Step 2: Creating an Instance-
Next, we create a compute instance with the desired specifications, such as an e2 standard 16 CPU with 8 cores and 64 GB of memory. This instance will be used to run our data engineering code.
Step 3: SSH into the Instance-
Once the instance is created, we SSH into it to access the command-line interface.
Step 4: Installing Python 3 and Required Libraries-
nside the instance, we install Python 3 and the necessary libraries, such as pandas and maze.ai, using the pip package manager.
Step 5: Setting up Google Cloud-
We set up Google Cloud services, including Google Cloud BigQuery, to store and analyze our data. This involves creating a project in the GCP Console and enabling the required APIs.
Step 6: Starting the Maze.ai Project-
We start the maze.ai project on port 6789. By accessing the external IP provided by the instance, we can view the maze.ai dashboard.
Step 7: Changing Firewall Rules-
To allow access to the maze.ai dashboard through the external IP and port, we modify the firewall rules accordingly, allowing the port and external ip of the instance .
Step 8: Creating a Data Loader Pipeline-
In maze.ai, we create a pipeline for loading the Uber dataset. We specify the source, format, and destination of the data.
Step 9: Creating a Data Transformer Pipeline-
We create a pipeline in maze.ai for transforming the data using a generic template. However, we encounter an error related to kernel overload, which needs to be resolved.
Step 10: Connecting the Pipeline to DataExporter-
Once the data is transformed, we connect the pipeline to a DataExporter component to export the data from Python to Google BigQuery.
Step 11: Configuring io_config.yaml-
We configure the io_config.yaml file in maze.ai to specify the input and output configurations for our data pipeline.
Step 12: Creating a New Service Account-
In the GCP Console, we open the API services and create a new service account. This account will have the necessary permissions to access GCP services.
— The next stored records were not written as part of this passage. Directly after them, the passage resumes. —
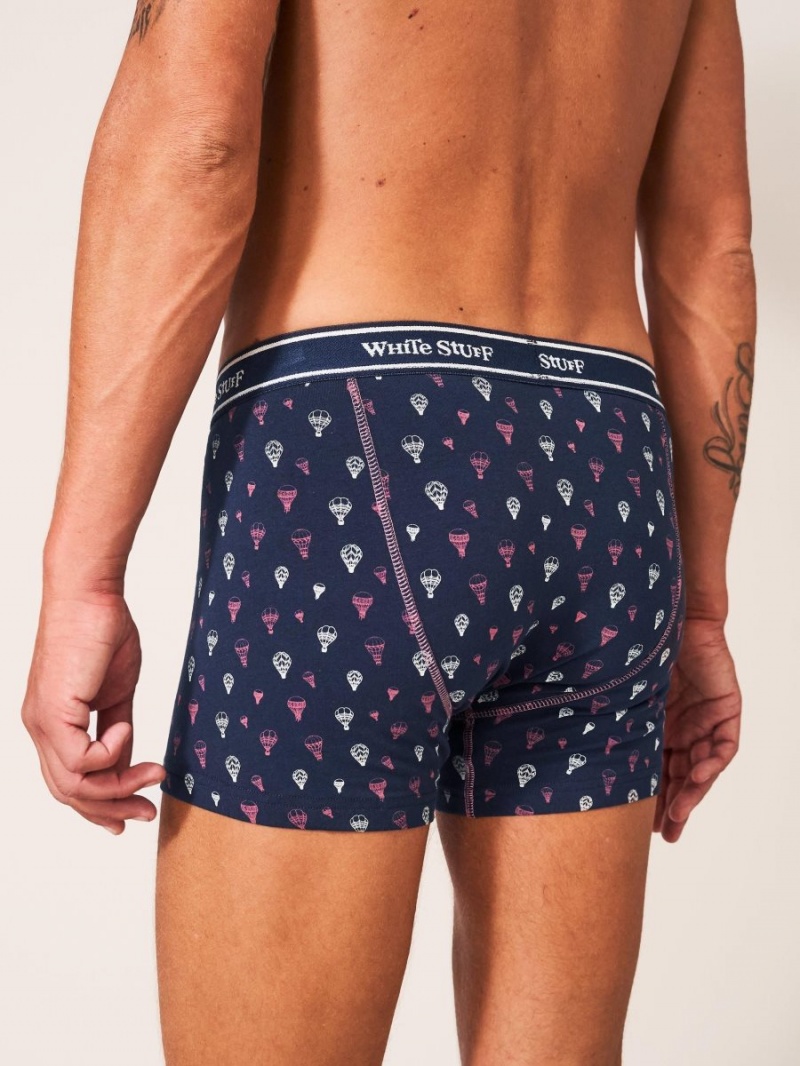 Navy Multi White Stuff 2 Pack Boxers Plain And Print | 24583ABJN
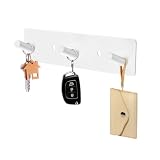 kuaima Key Holder Wall Mount, 7 Inch Adhesive Key Hanger with 3 Hooks, Small Metal Key Rack, 2 Mount Options, White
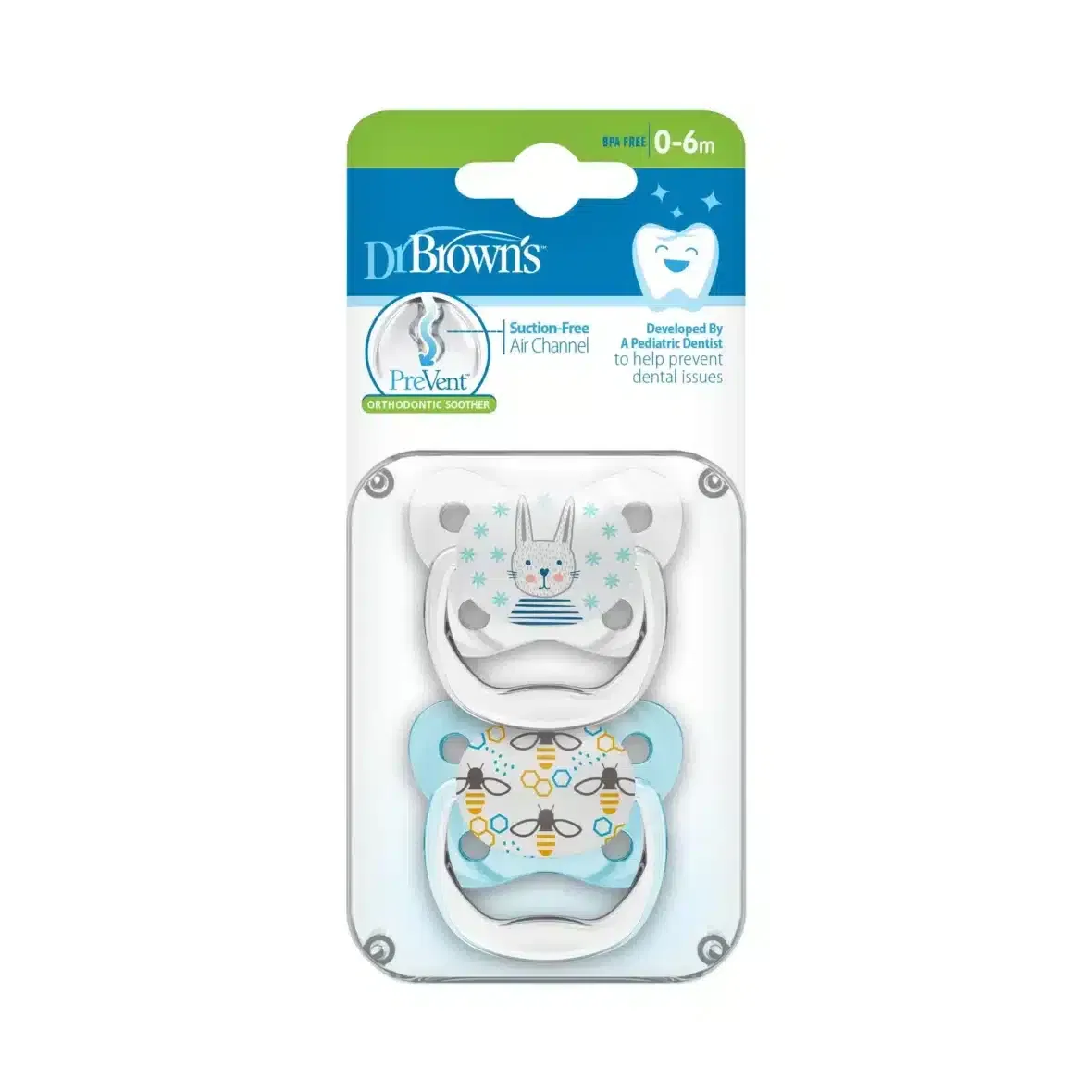 Dr.Brown’s Lot de 2 sucettes PreVent Lapin Bleu/Abeille 0-6mois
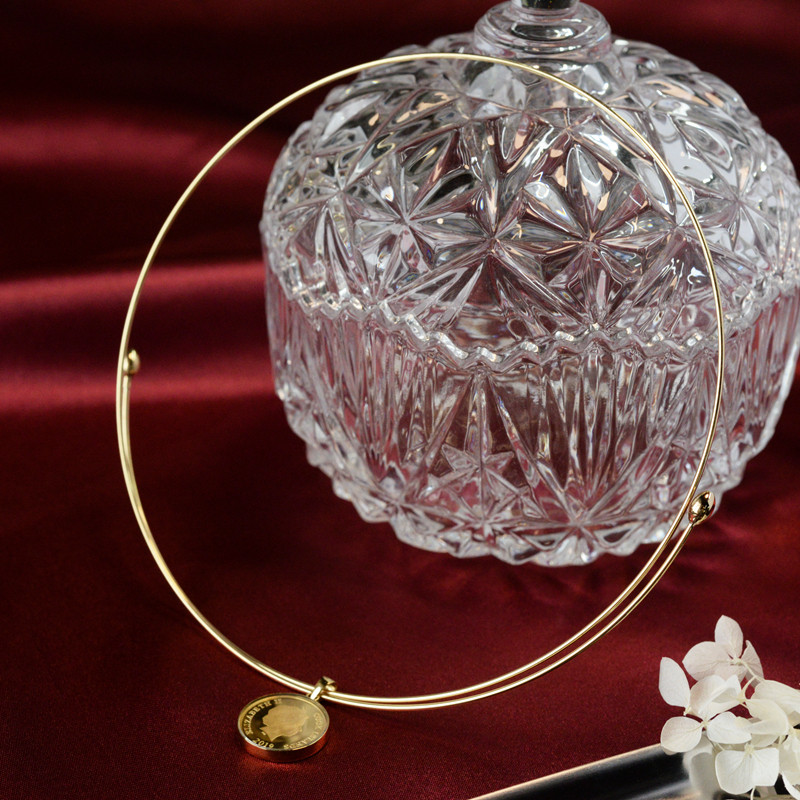 Twin - head hardcord Japanese manufactured 18K gold fashion personality elastic gold necklace hanging pendant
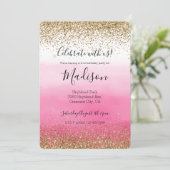 Glam Glitzy Sparkle Glitzer Pink Ombre Einladung (Stehend Vorderseite)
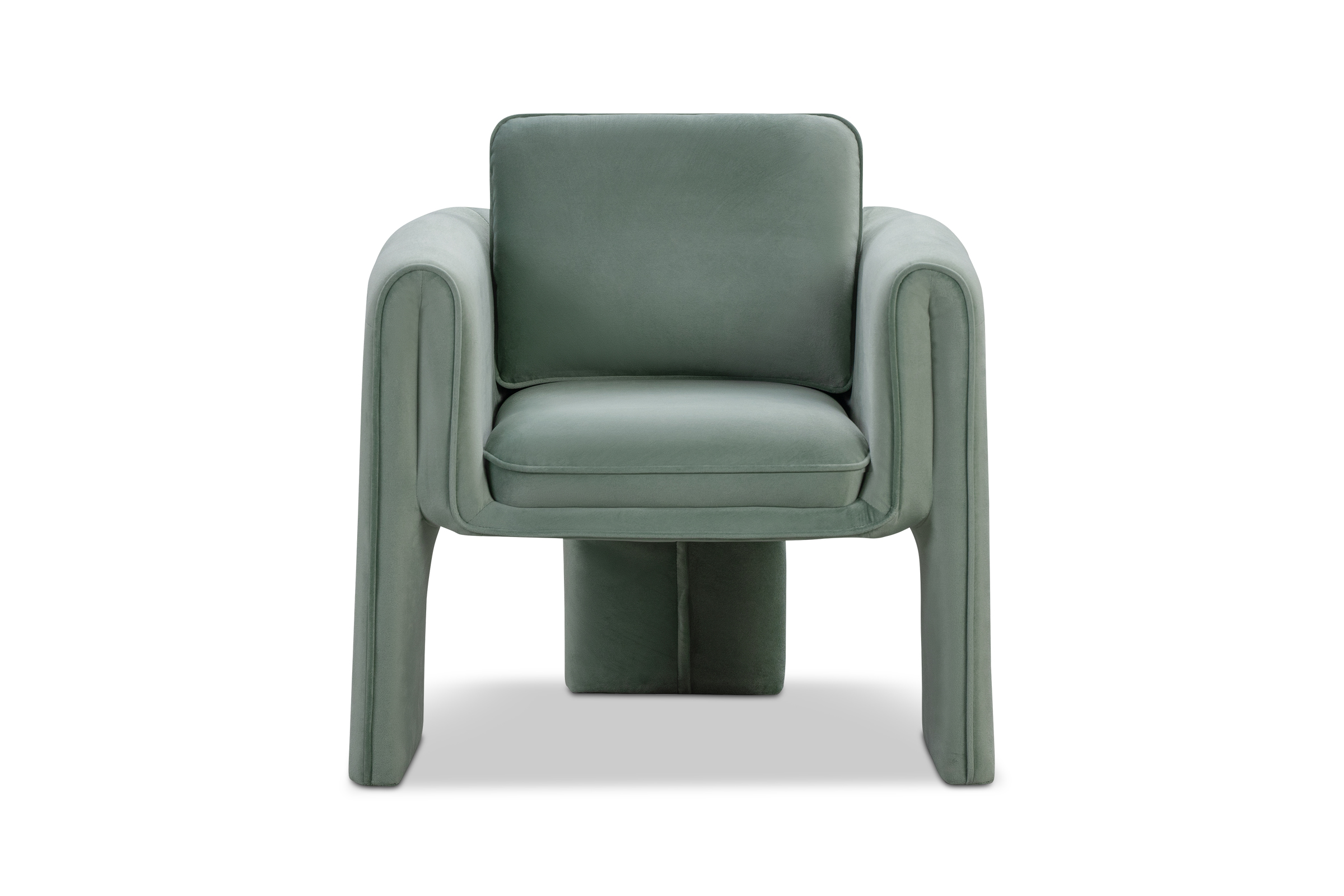 Alona Armchair Modern Armchair, Green Steel & Engineered Wood, by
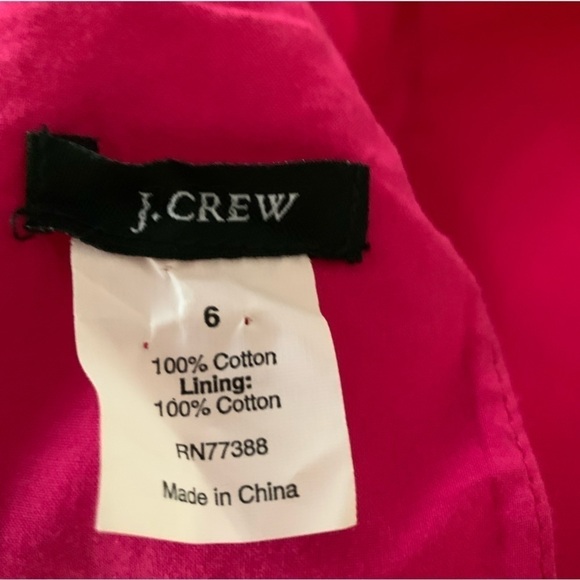 J Crew Hot Pink Cotton Summer V Back Tie Neck Fit & Flare Dress Sz 6 - Picture 3 of 7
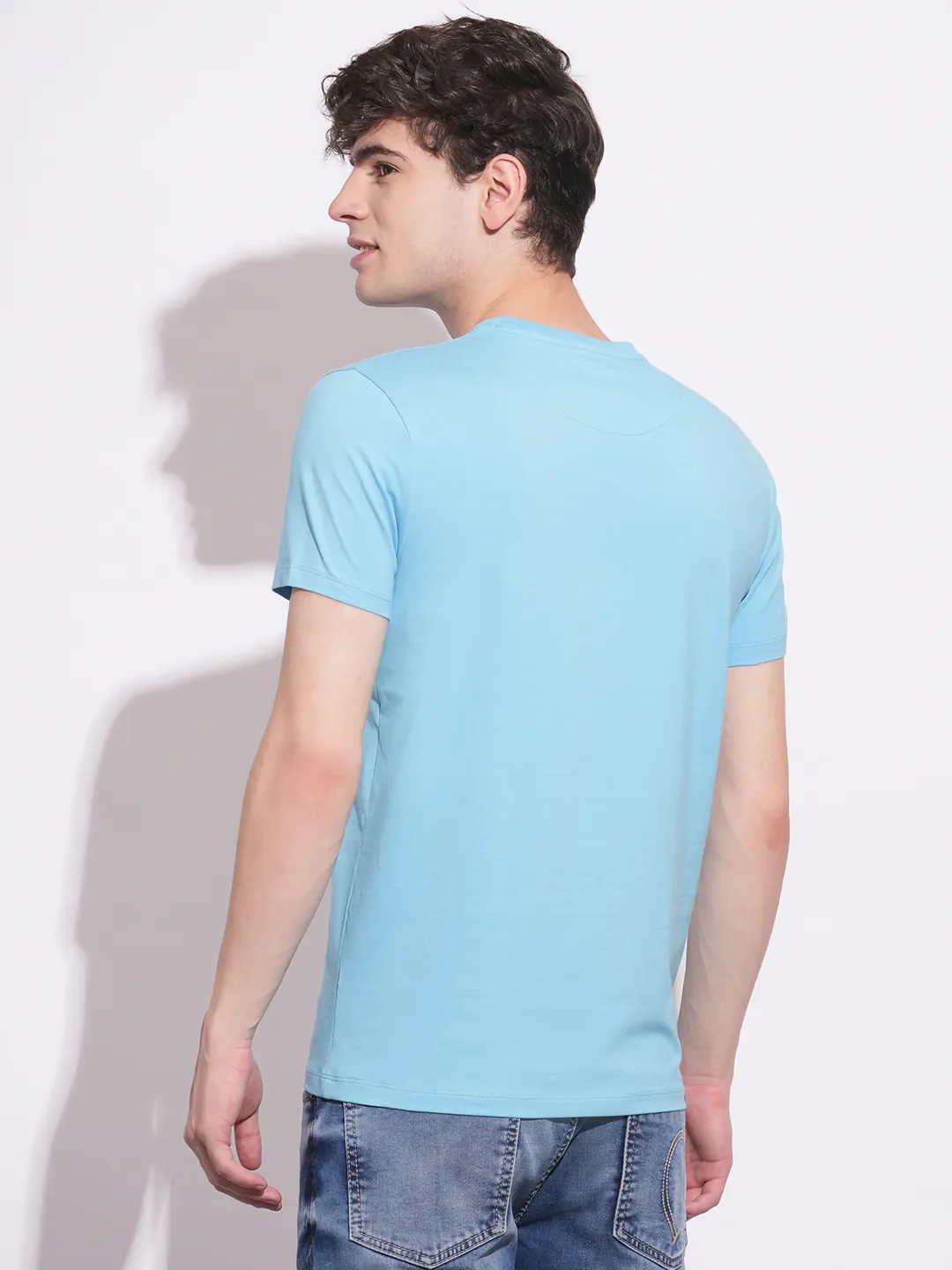Tranquil Blue Slim Fit Round Neck Men's T-Shirt by Being Human Clothing - Image 3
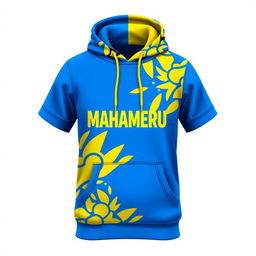 Create a short-sleeved hoodie with a vibrant blue base color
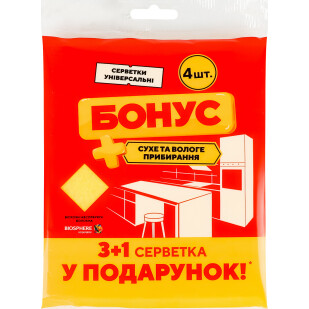 Салфетки Бонус вискозные, 3шт/уп (4820048483940)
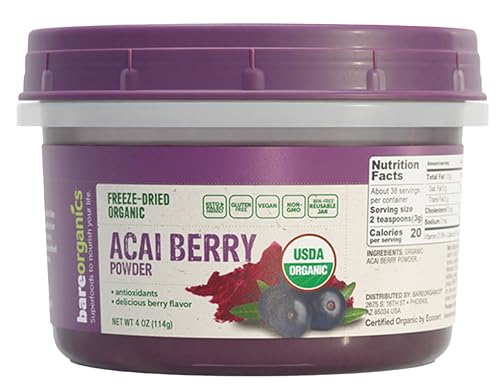BareOrganics Acai Berry Powder Superfood Powder Organic Dietary Supplement 4 Ounces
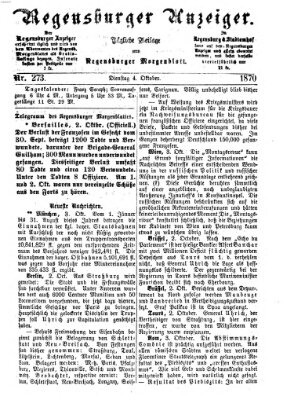 Regensburger Anzeiger Dienstag 4. Oktober 1870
Step 13: Downloading the Service Account Key-
We download the service account key in JSON format from the GCP Console. This key will be used for authentication when accessing GCP services.
Step 14: Copying the JSON Data into io_config.yaml-
We copy the JSON data from the service account key and paste it into the appropriate section of the io_config.yaml file. This enables authentication and access to GCP services.
Step 15: Refreshing BigQuery and Previewing Data-
After completing the third pipeline, we navigate to Google BigQuery and refresh the dataset or table where the transformed data is stored. This ensures that the latest data is available for analysis. We can also preview the data to verify its correctness.
Step 16: Setting up Looker Studio-
To visualize and explore our data, we set up Looker Studio. This involves creating a Looker account and connecting it to our data sources.
Step 17: Connecting Data to Looker Studio Dashboard-
In Looker Studio, we connect to our BigQuery dataset and create a dashboard. We configure the necessary connections and queries to fetch the data from BigQuery and visualize it in Looker Studio.
Conclusion:
In this blog post, we have walked through the process of building an Uber data engineering project using GCP and modern tools. We covered the steps involved in creating a data model, transforming the data, deploying the code, loading the data onto BigQuery, and creating a final dashboard for data analysis and visualization. By following these steps, you can leverage the power of GCP and modern tools to build robust data engineering projects. Happy engineering!